Budi Arista Romadhoni
Selasa, 09 Juni 2026 | 16:23 WIB
Ilustrasi sppg berhenti karena dana tak cair. [Antara]
Baca 10 detik
  • Sebanyak 20 Satuan Pelayanan Pemenuhan Gizi di Kota Solo sempat berhenti beroperasi sejak Senin karena kendala pencairan dana.
  • Keterlambatan pendanaan dari Badan Gizi Nasional terjadi akibat sistem antrean pengajuan dana operasional yang harus segera diselesaikan.
  • Pemerintah Kota Solo juga menghentikan sementara delapan dapur karena belum memiliki fasilitas Instalasi Pengolahan Air Limbah yang memadai.

SuaraSurakarta.id - Sebanyak 20 Satuan Pelayanan Pemenuhan Gizi (SPPG) di Kota Solo berhenti operasi. Penghentian tersebut terkait pencairan anggaran yang terlambat.

"Memang ada sekitar 20 SPPG yang dananya belum cair. Tapi di hari ini juga, itu semua sudah pencairan rata-rata," terang Koordinator SPPG Kota Solo, Priyo Widyastoko, Selasa (9/6/2026).

Priyo mengatakan SPPG yang berhenti beroperasi itu sejak Jumat (5/6/2026) kemarin. Tapi memang ada pendanaannya yang sudah cair.

"Baru jumat kemarin, kalau sabtu memang tidak operasional.
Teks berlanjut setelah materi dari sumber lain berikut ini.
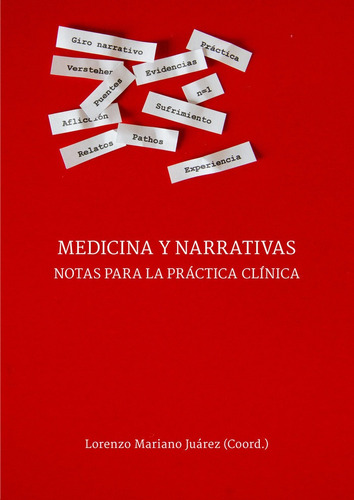Libro Medicina Y Narrativas. Notas Para La Prãctica Clã...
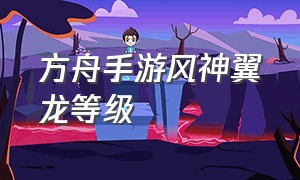 方舟手游风神翼龙等级（方舟手游风神翼龙怎么刷等级）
Jadi kalau dibilang baru senin kemarin," ungkapnya.

Menurutnya untuk pencairannya itu per minggu, biasanya cair hari kamis dan jumat.

"Jumat kemarin memang masih jalan, BGN pencairannya itu kalau nggak di hari kamis atau jumat. Untuk yang jalan minggu ini belum ada pencairan gara-gara mungkin sistem lah, ada keterlambatan," jelas dia.

Sementara itu Wakil Satgas MBG Kota Solo, Purwanti menyatakan memang adanya keterlambatan pendanaan membuat beberapa dapur berhenti beroperasi.

"Mulai senin tidak beroperasional," ujarnya.

Purwanti menyebut operasional SPPG itu menggunakan sistem dana bergulir. Setiap SPPG itu awalnya diberikan modal operasional oleh BGN.

Baca Juga: Gusti Moeng Ungkap Alasan KGPH Hangabehi Ditetapkan Sebagai PB XIV: Memperhatikan Nasab!

"Ini yang sudah dipertanggungjawabkan seharusnya segera kembali dialiri uang, ditransfer uang. Karena pengajuan antre, jadi mengalami keterlambatan," kata dia.

Terpisah Wali Kota Solo Respati Ardi mengatakan soal SPPG yang berhenti operasional karena pendanaan itu urusan BGN bukan dari APBD.  

"Saya intens sekali komunikasi dengan Bu Nanik Kepala BGN, mengupdate perkembangan MBG di Kota Solo. Saya banyak ngasih masukan ke beliau," jelasnya.

Respati menambahkan ada juga 8 SPPG yang kena suspend karena tidak memiliki fasilitas Instalasi Pengolahan Air Limbah (IPAL). Dari jumlah itu ada 4 SPPG yang sudah berkomitmen akan memenuhi fasilitas itu.

"Kemarin dari Satgas sudah menyampaikan ada delapan yang di suspend dan kita minta untuk memenuhi izin-izinnya, terkait lingkungan terutama dan kehigienisan dari dapur. Jadi nanti ketika sudah berjalan dengan baik kami akan buka kembali, hari ini sudah ada empat yang berkomitmen dan empat yang belum memenuhi," tandas dia.